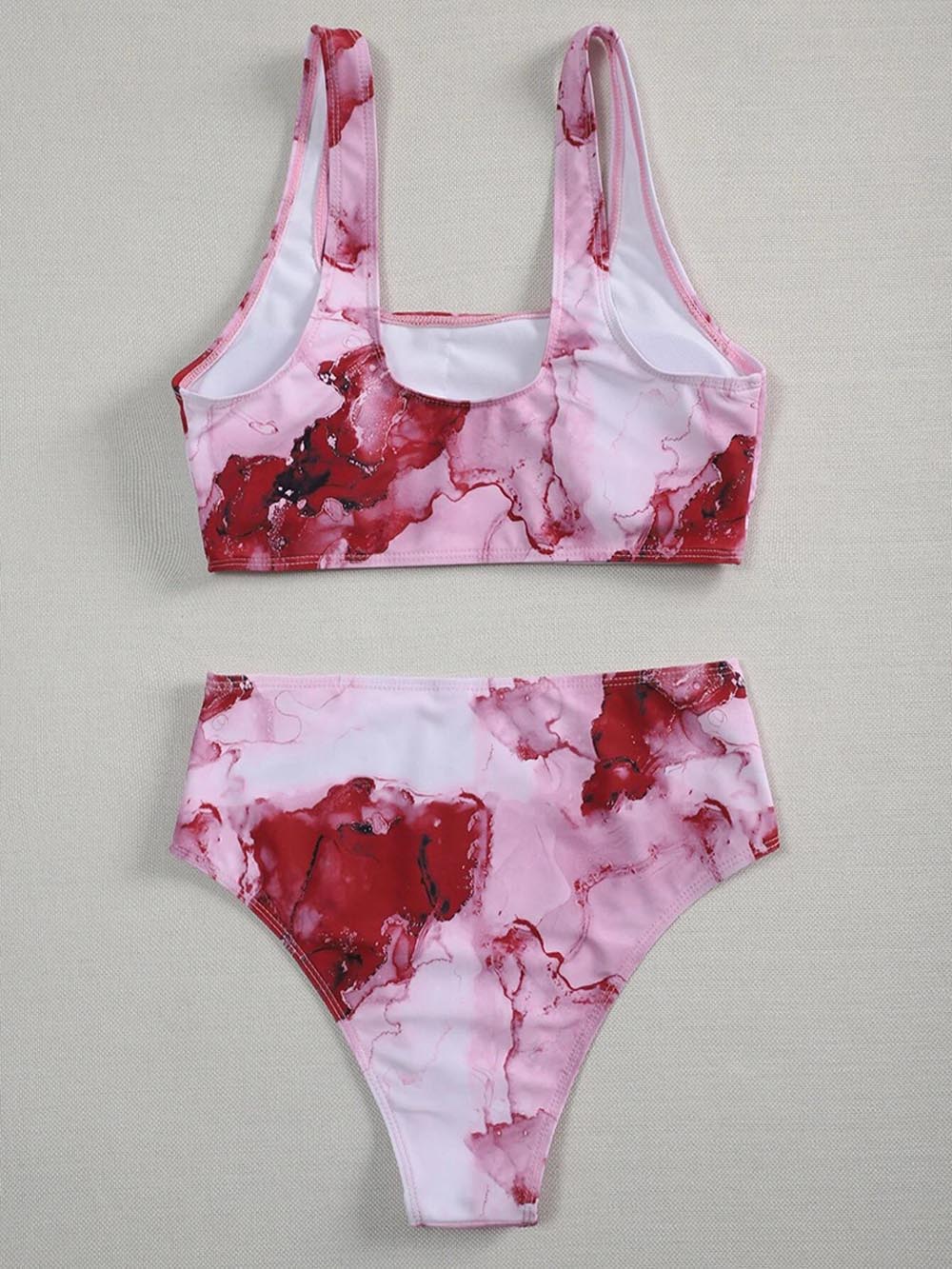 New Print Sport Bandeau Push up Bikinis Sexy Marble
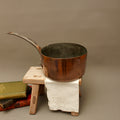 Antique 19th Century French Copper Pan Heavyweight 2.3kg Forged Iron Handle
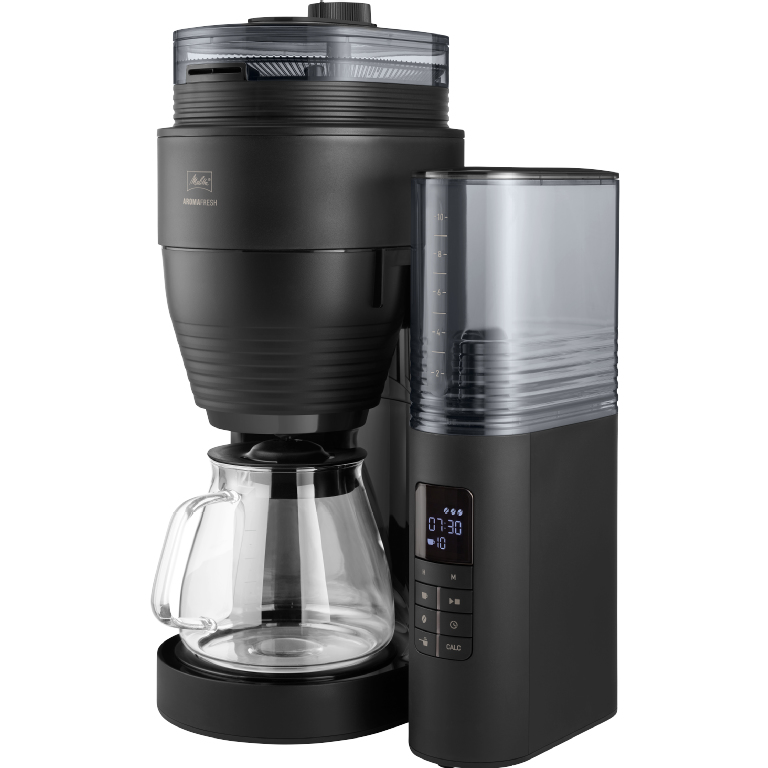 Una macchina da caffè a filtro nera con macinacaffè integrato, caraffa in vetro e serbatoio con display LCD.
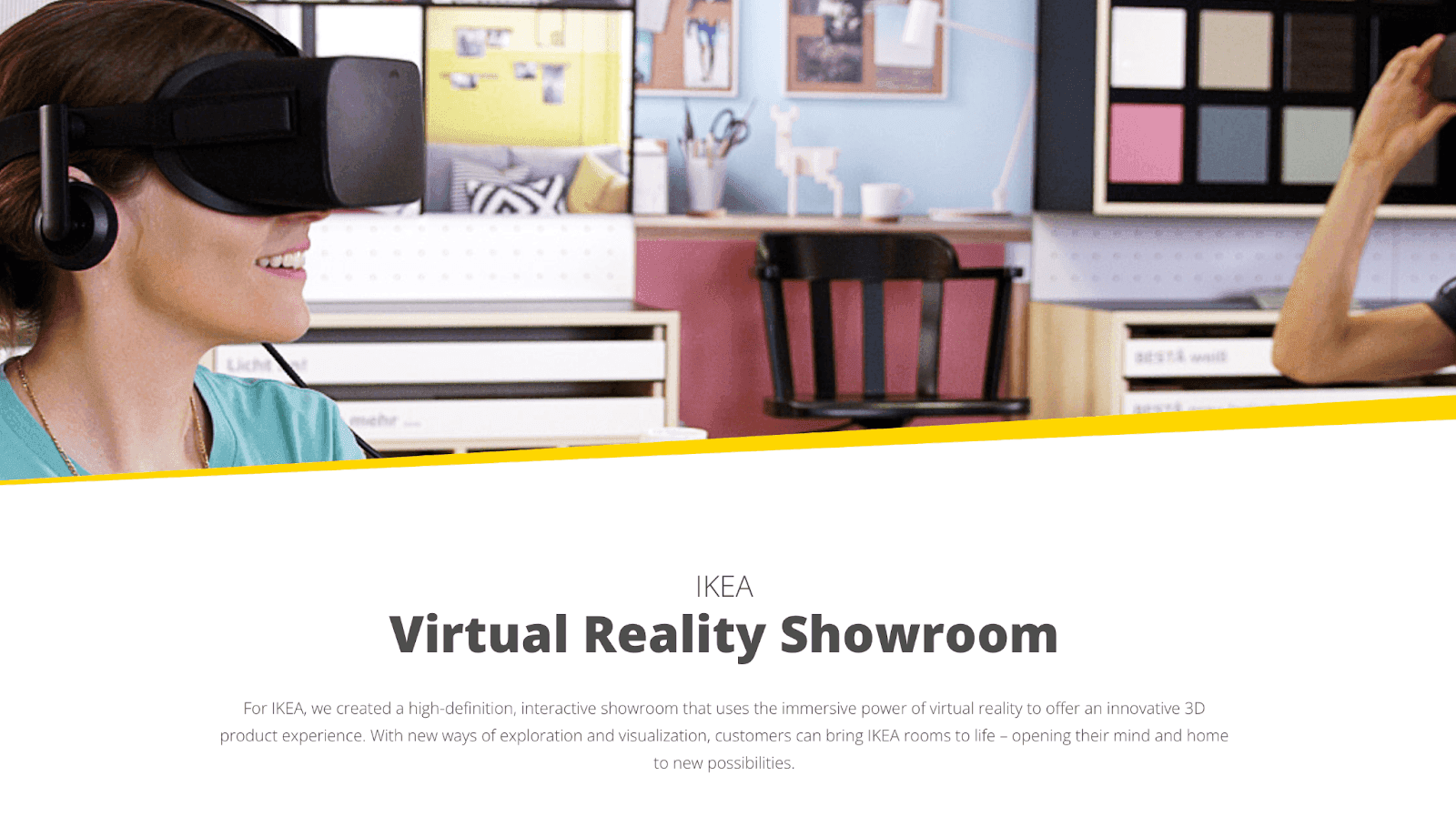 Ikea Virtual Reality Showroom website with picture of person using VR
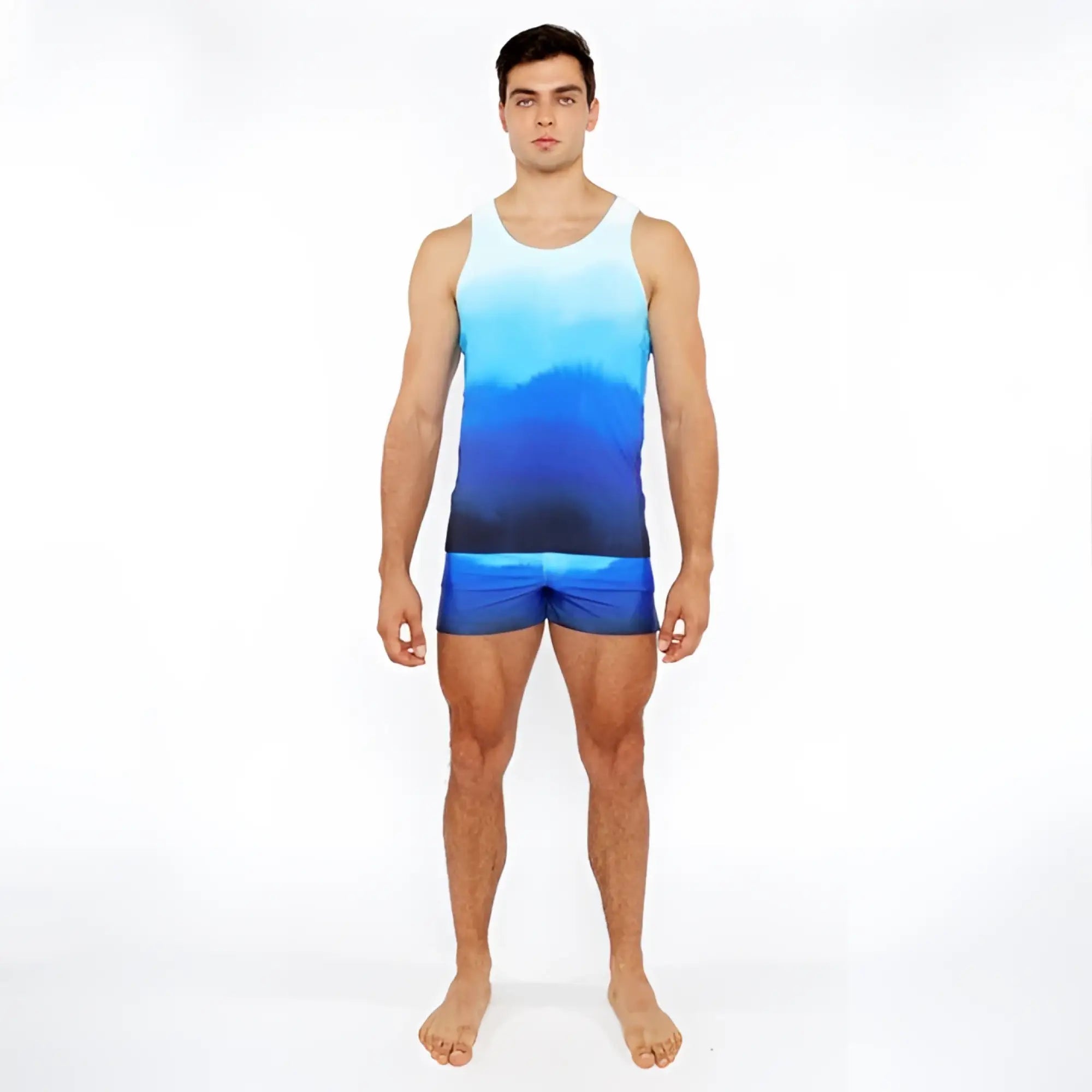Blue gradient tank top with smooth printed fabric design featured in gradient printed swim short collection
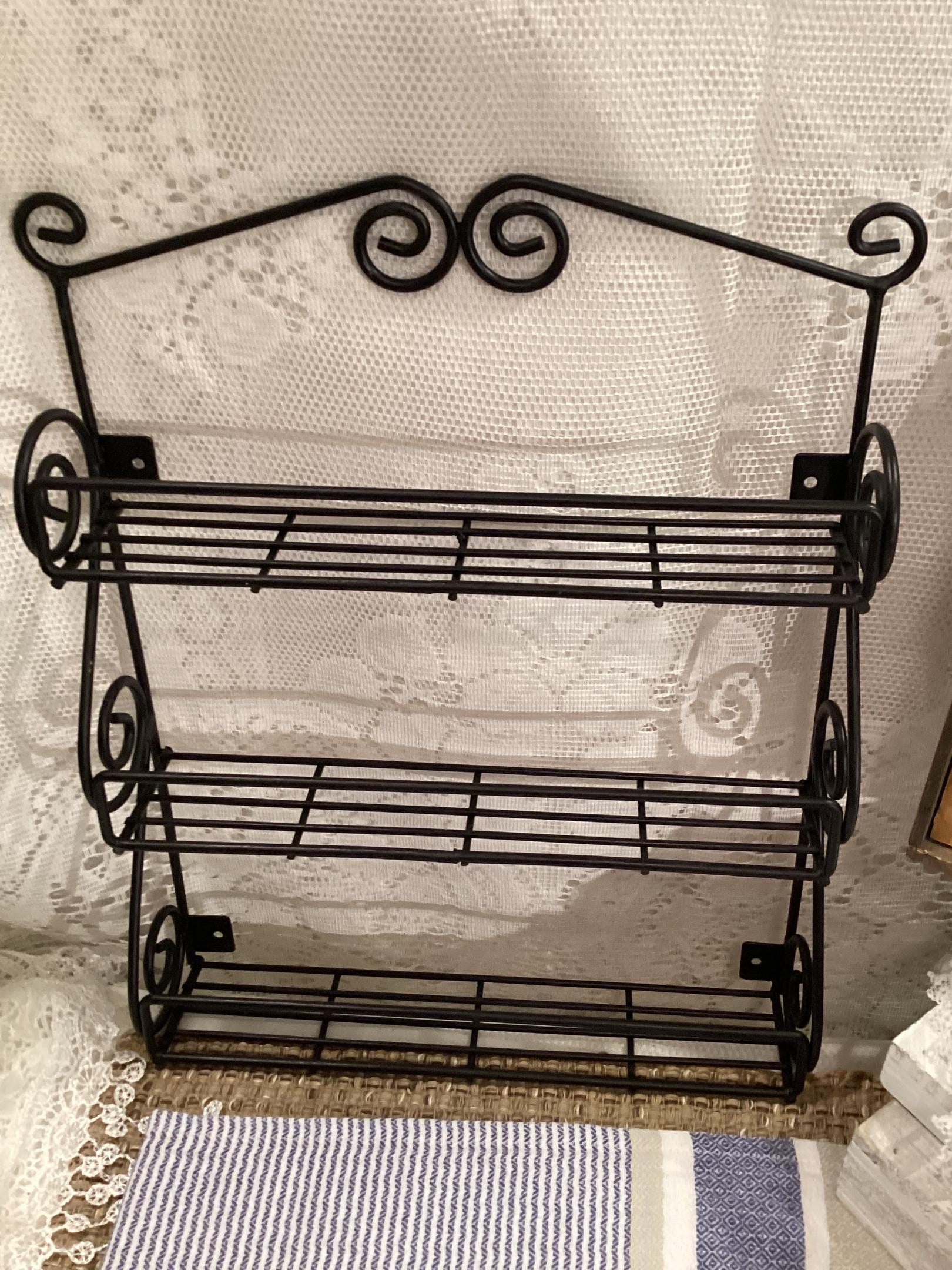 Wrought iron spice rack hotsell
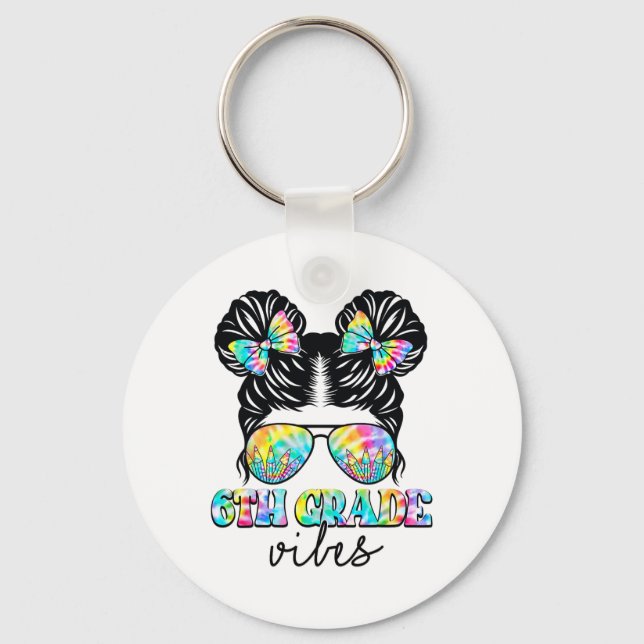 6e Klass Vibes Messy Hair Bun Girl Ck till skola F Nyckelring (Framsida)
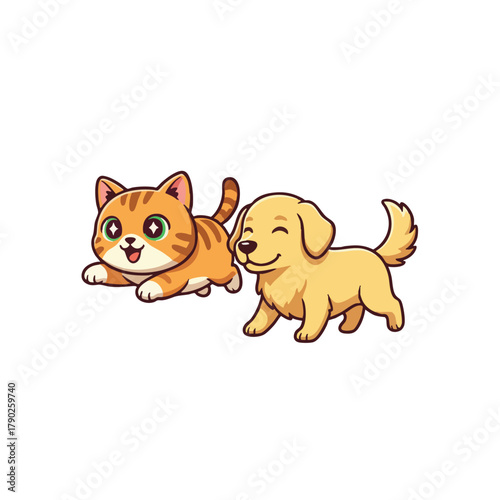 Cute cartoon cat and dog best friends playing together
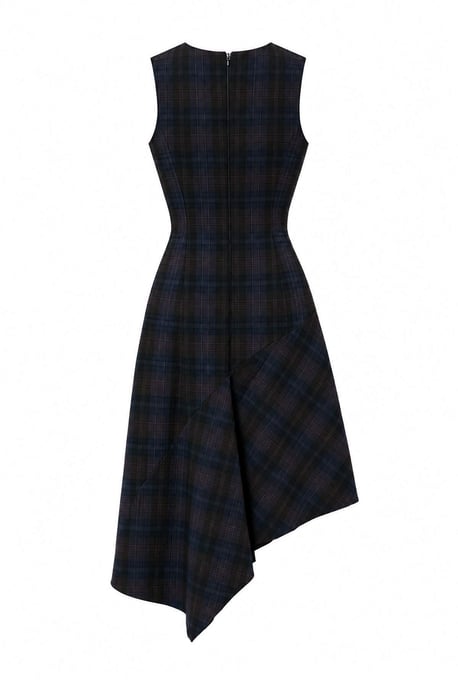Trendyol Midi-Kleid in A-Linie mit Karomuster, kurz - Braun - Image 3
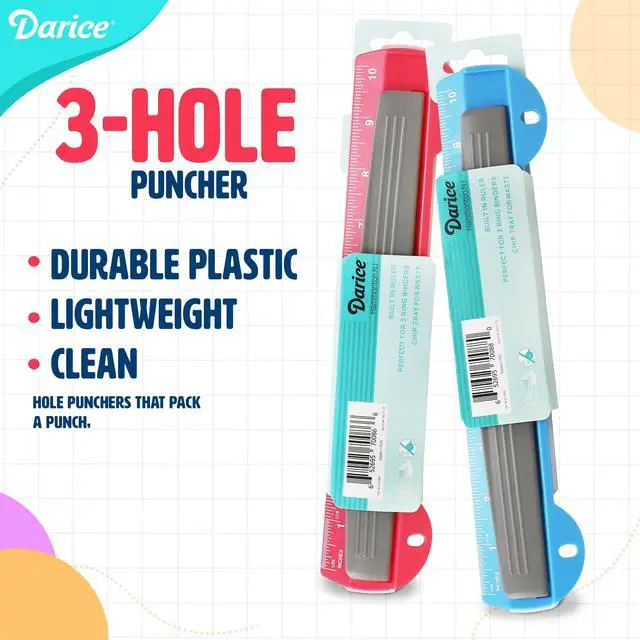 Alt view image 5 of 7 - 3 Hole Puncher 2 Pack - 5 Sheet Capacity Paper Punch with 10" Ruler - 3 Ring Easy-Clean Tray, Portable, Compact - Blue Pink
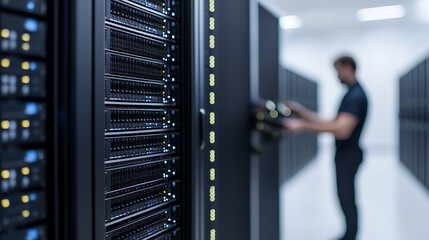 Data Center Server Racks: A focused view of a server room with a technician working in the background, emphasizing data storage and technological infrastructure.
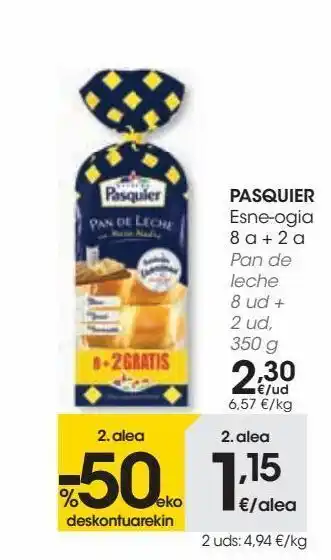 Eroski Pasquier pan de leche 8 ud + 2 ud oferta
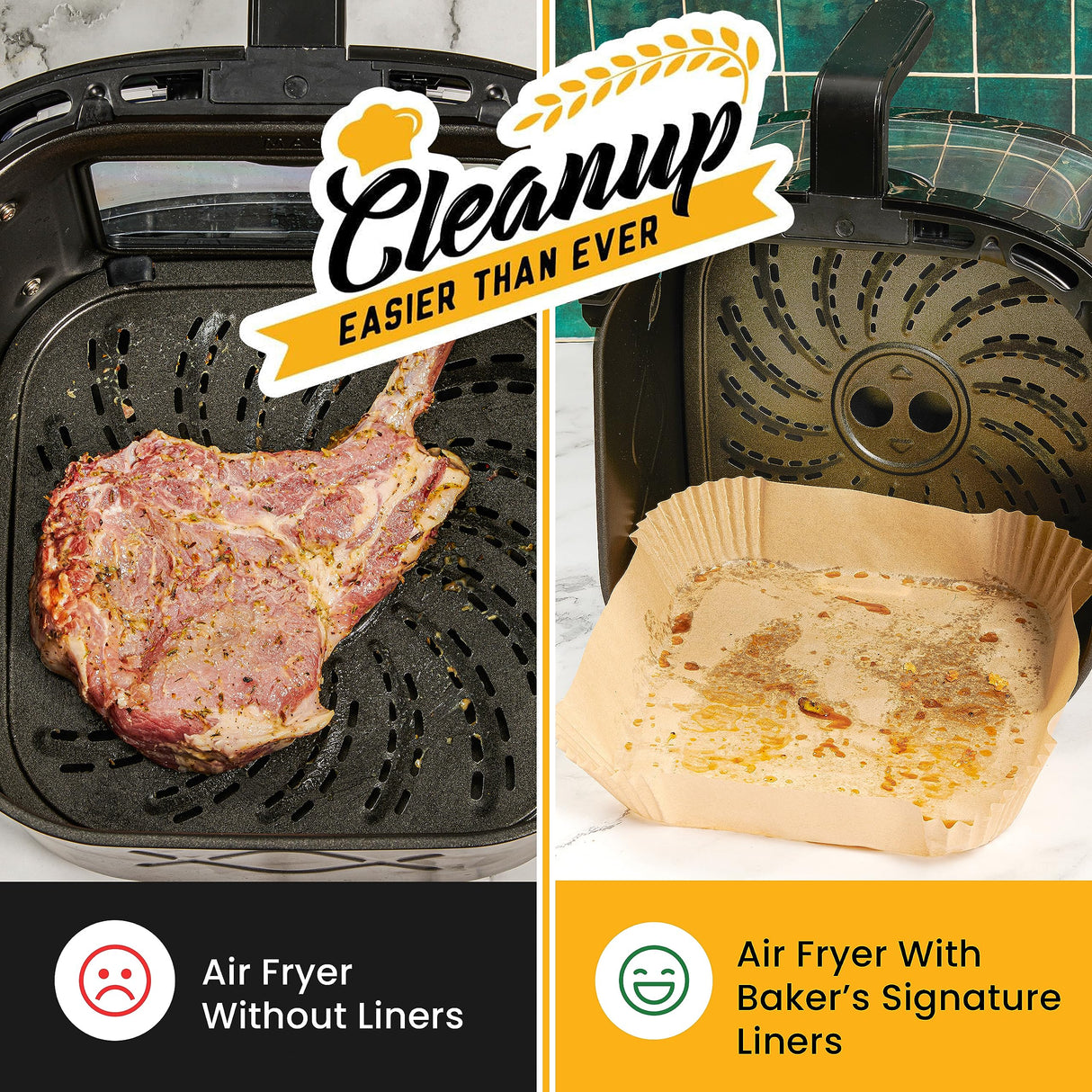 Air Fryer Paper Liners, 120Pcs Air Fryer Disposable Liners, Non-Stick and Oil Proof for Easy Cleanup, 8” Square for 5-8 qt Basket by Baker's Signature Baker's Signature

════

An exact copy is required of the lines from the one holding "Wrought iron spice rack hotsell" to the end of the entries above, both included; no pictures belong in it.

 Wrought iron spice rack hotsell
 6e Klass Vibes Messy Hair Bun Girl Ck till skola F Nyckelring (Framsida)
 Cute cartoon cat and dog best friends playing together
Trendyol Midi-Kleid in A-Linie mit Karomuster, kurz - Braun - Image 3
 Alt view image 5 of 7 - 3 Hole Puncher 2 Pack - 5 Sheet Capacity Paper Punch with 10" Ruler - 3 Ring Easy-Clean Tray, Portable, Compact - Blue Pink
 Data Center Server Racks: A focused view of a server room with a technician working in the background, emphasizing data storage and technological infrastructure.
 Eroski Pasquier pan de leche 8 ud + 2 ud oferta
 Air Fryer Paper Liners, 120Pcs Air Fryer Disposable Liners, Non-Stick and Oil Proof for Easy Cleanup, 8” Square for 5-8 qt Basket by Baker's Signature Baker's Signature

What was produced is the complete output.